You wanna know some even more wacko animal shit that happens? Come to me. It’s like I’m a magnet or something.

Coloma's avatar

@Dutchess_III
I always say I live in a farside cartoon, Gary Larsen drew my life.
Did I mention the 10 inch Lizard lying on a Farside book last week? LOL
And hey, finishing up around here on some chores, but, just wait til cocktail hour in anoher 90 minutes, I’ll really get my ‘animal house’ rockin’. haha

Dutchess_III's avatar

Animal House! You got that right, crazy woman! Can’t wait to be a part of it! My husband will fit right in!

Well, @jailbait do tell!

Jude's avatar

My girlfriend and I just went bikini shopping. I am living off of very little sleep and got a lot of sun this weekend. When we went to get dressed, I grabbed her bra (totally different from mine. Mine is red and hers is white) and put it on. We were sharing a change room. I had no idea until she pointed it out that I was wearing her off the shoulder boulder holder.

Dutchess_III's avatar

Speaking of…when I was nursing (seems like it was non-stop over 4 years and two kids) I was also a teacher in the 1 – 2 year old room at church. I had a baby in my lap, chatting away with another teacher, and the baby started fussing. I didn’t break stride in the conversation, just made prep for nursing. I was so practiced by then I didn’t even have to look or anything. The first thing I did was drape a blanket over my shoulder, and the baby, and work the mechanics of the bra and all from there, behind the blankie. Suddenly, something wasn’t right…yeah. It wasn’t my baby AND it wasn’t a breast fed baby!! I LOL’d so hard!!

lucillelucillelucille's avatar

@Kardamom Might as well have been one!

KateTheGreat's avatar

I am now wearing a retainer in attempts to straighten my teeth.
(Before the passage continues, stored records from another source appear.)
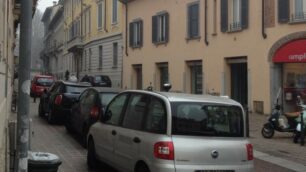 Una foto d’archivio delle auto in divieto di sosta in via Carlo Alberto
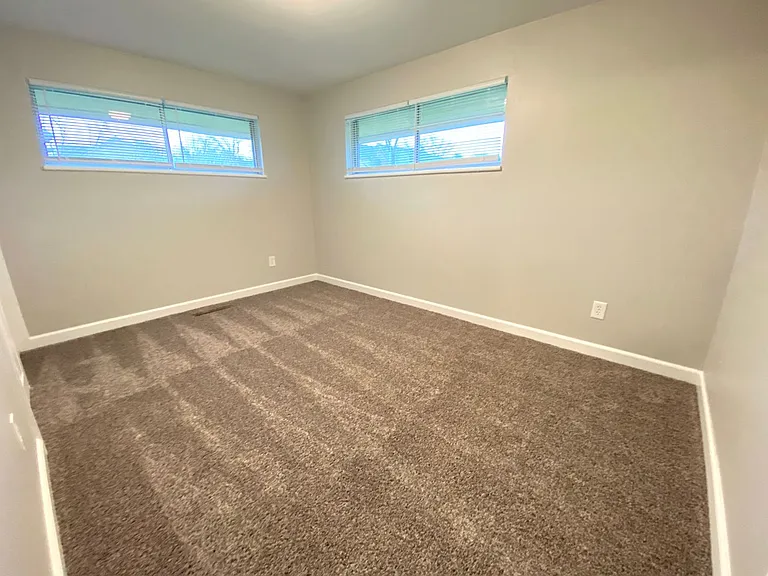 4421 Grayson St — Photo 11
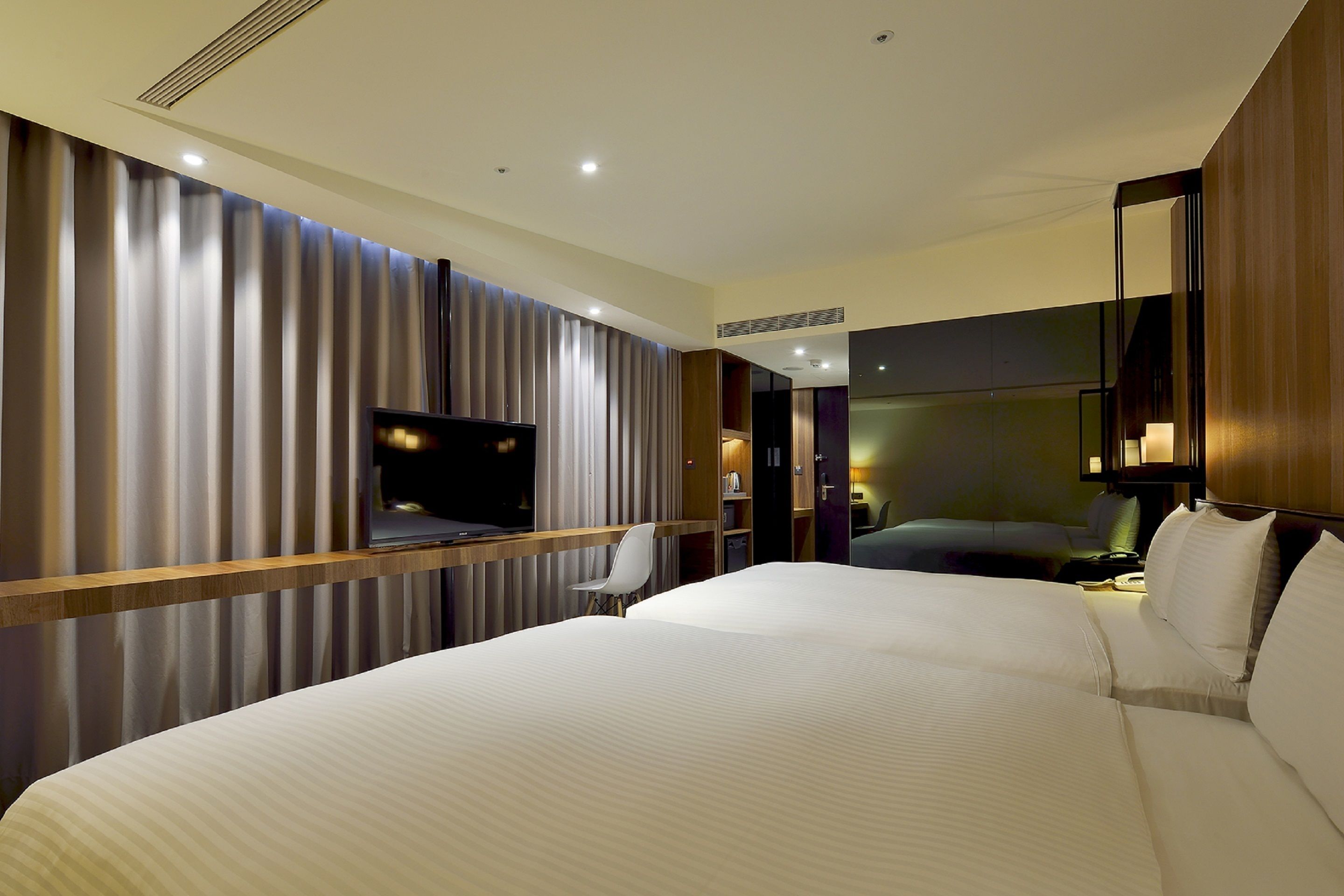 family room | desk, iron/ironing board, free wifi, bed sheets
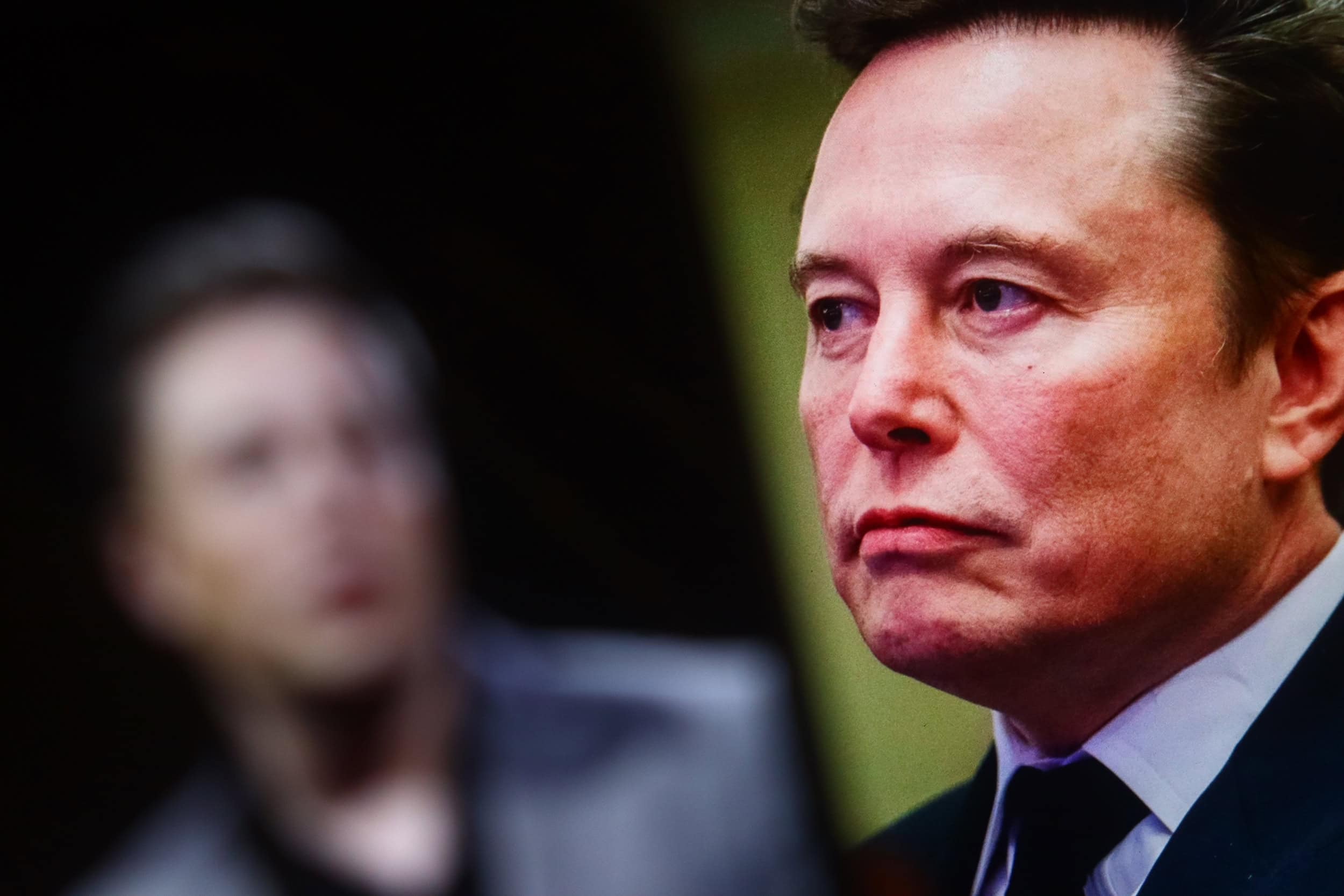Grokipedia, enciclopédia de Elon Musk, reduz menções a polêmicas e exalta conquistas - Imagem do artigo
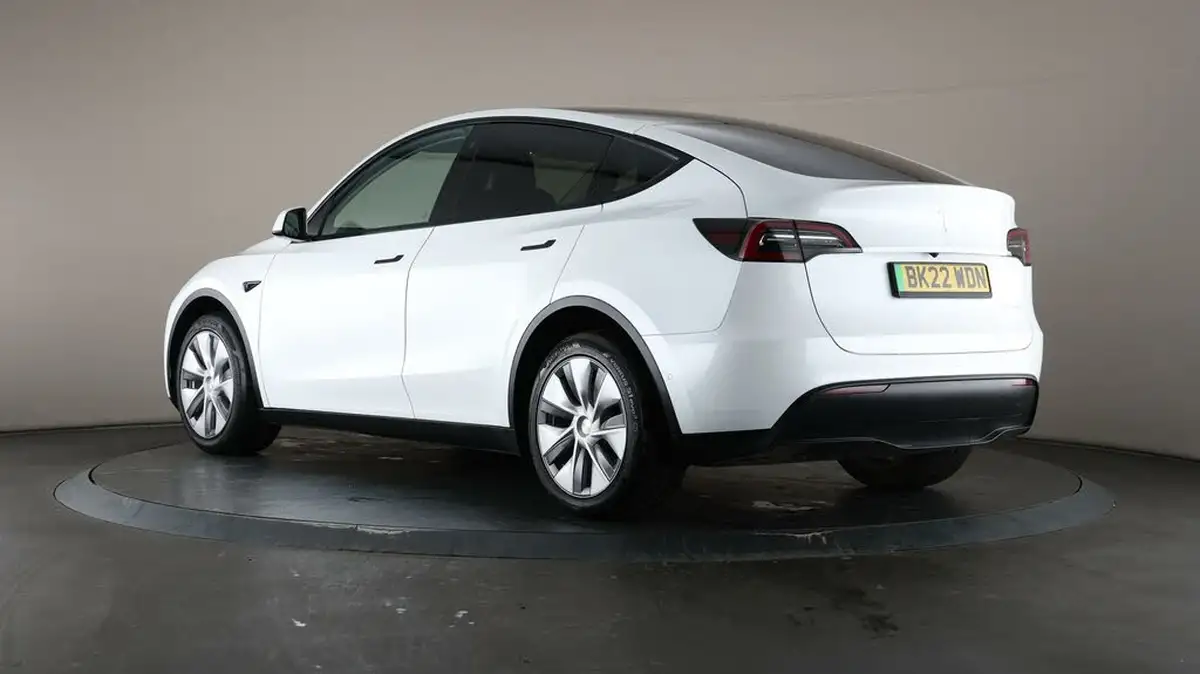 2022-tesla-model-y-e-long-range-big-64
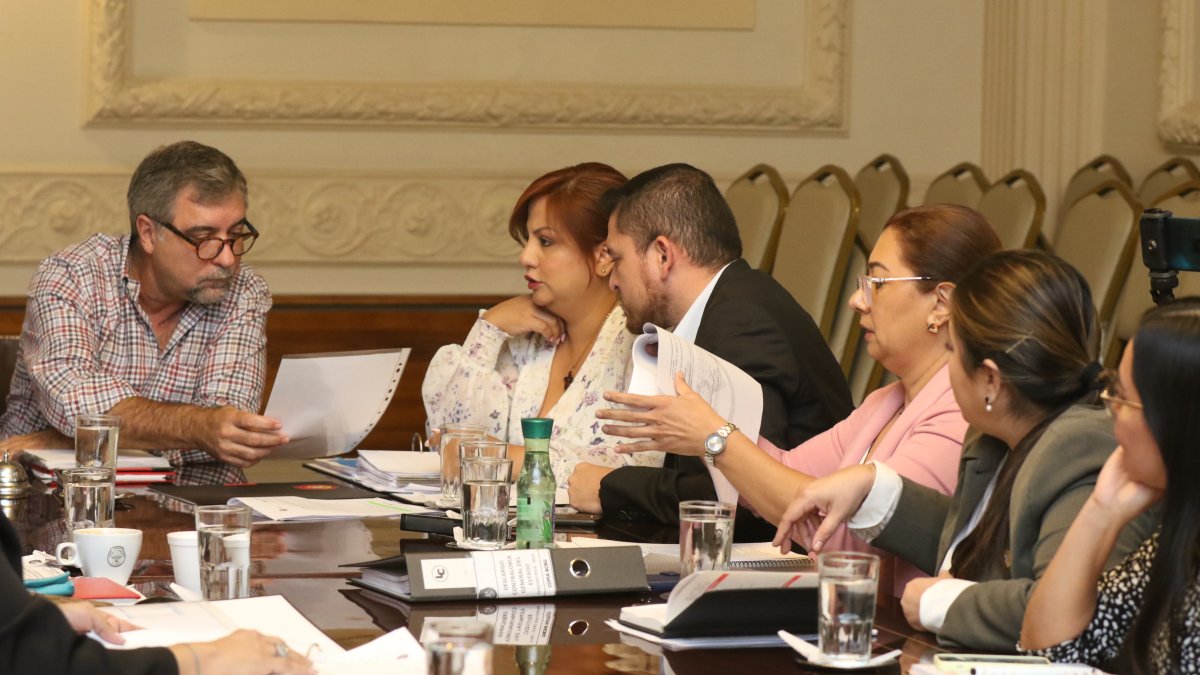 El jefe del Cuerpo de Bomberos de Guayaquil, Martín Cucalón, atendió un pedido de entrevista de EXPRESO, junto con ocho empleados del área legal, compras públicas, administración, y comunicación.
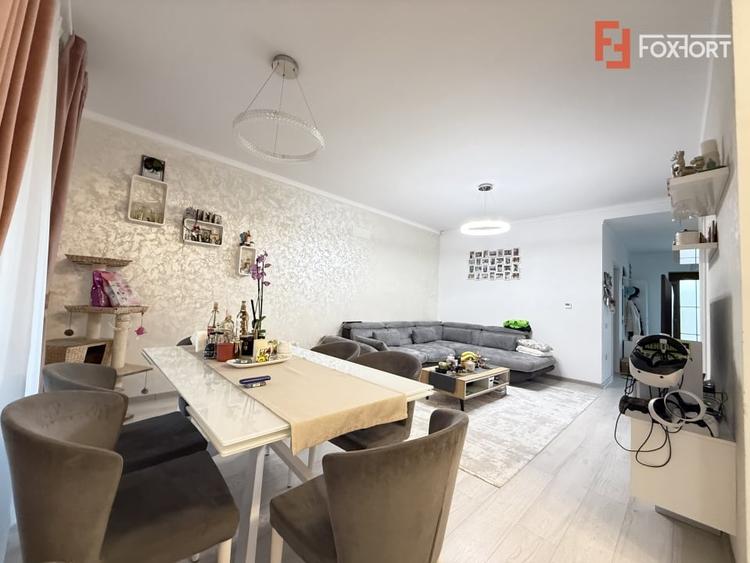 Duplex cu 5 camere cu Canalizare în Aradului
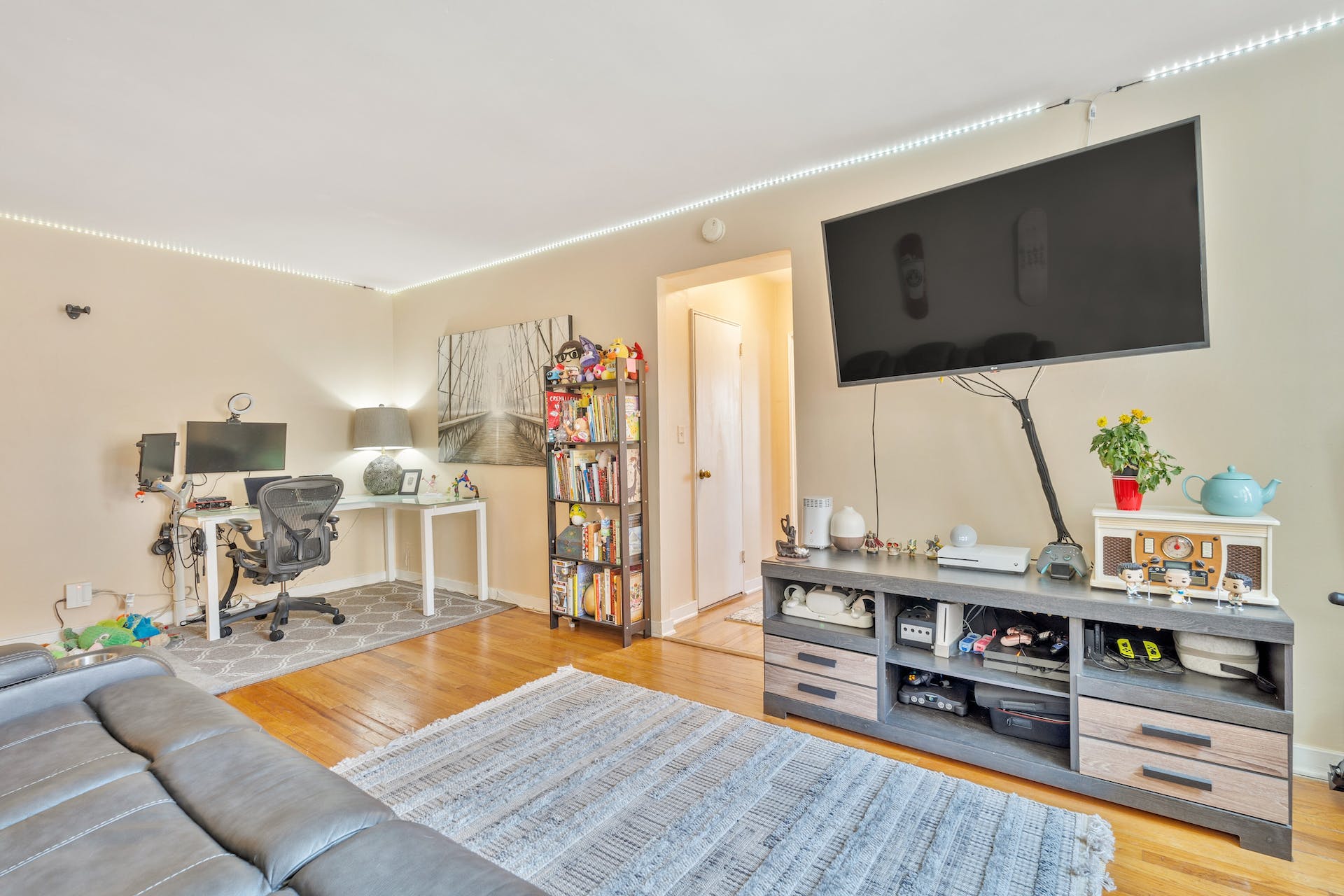 8750 Blvd East Unit# 4D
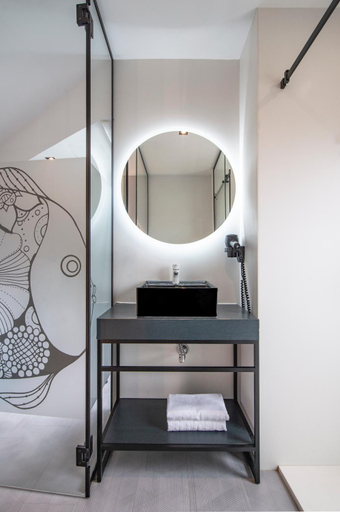 Bathroom 2, Hotel Puerto de la Luz by Pierre & Vacances, Las Palmas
It gives me the hugest lisp. And paired with a Russian accent, it is NOT pretty at all. So at work, I have to talk to people a lot and it seems as though the customers are finding it hilarious.

Coloma's avatar

@KatetheGreat

Haha..I had a retainer way back when, I’d pull it out during the night in my sleep and then, have to search all over my bed and room to find it the next morning.

Once, I couldn’t find it anywhere, had just called my dentist and told them I lost it when…I sat down, and crunch it was fine but… must have laid it on my chest and it had gone down my nightgown and was stuck in my underware!

Told the dentist..never mind, I found it! lol

Another time I threw it away by accident at a lunch place about 40 miles from home, I went back and went through the trashcan in the parking lot and found it, covered in rancid avacado!

KateTheGreat's avatar

@Coloma It’s pretty funny, I do the same things. At night, I go to sleep with it in and when I wake up, it’s not there! I have to search my bed for it.

I don’t even like to take it out anymore. Taking it out to eat and then putting it back in really hurts me! I just eat a lot of mashed potatoes and ice cream.

Dutchess_III's avatar

I hate memories of retainer days!

woodcutter's avatar

Old story. Really frikken old. I was in the ER one nite for something, forget why but it’s not important. I was laying there with my pants down on the gurney and the doc was trying to stick a needle in my butt. Sedative, tetanus, maybe? I was nervous and I really hate needles. He says he’s not going to get the needle in if I keep clenching or it’s really going to hurt like a mother if he forces it in anyway. I tell him to bring it on because I can turn a walnut into dust if you put one in there.
The guy loses it so bad laughing he rips off his latex and goes out in the hall to calm down. He says’’ Man of all the things I hear in this place that one is a first, you gotta have a pretty tense ass to pull that off”.

Dutchess_III's avatar

LOL! Rarebear has to hear that one!!

Coloma's avatar

@woodcutter

LOL..reminds me of my last pap smear, my doctor said he couldn;t find my cervix, I said ” well, you found it LAST year, it’s GOT to be there, keep spelunking!” He and the nurse were cracking up. Nothing like humor in the stirrups!

woodcutter's avatar

humor and anxiety seem to go together. Some of the stuff that comes to mind can be hard to explain sometimes

Coloma's avatar

@jailbait

Where? Don’t see a comment by her in that link. :-/

MilkyWay's avatar

@Coloma I was replying to her when she said ”@jailbait do tell.”
You know, of my weird animal encounters.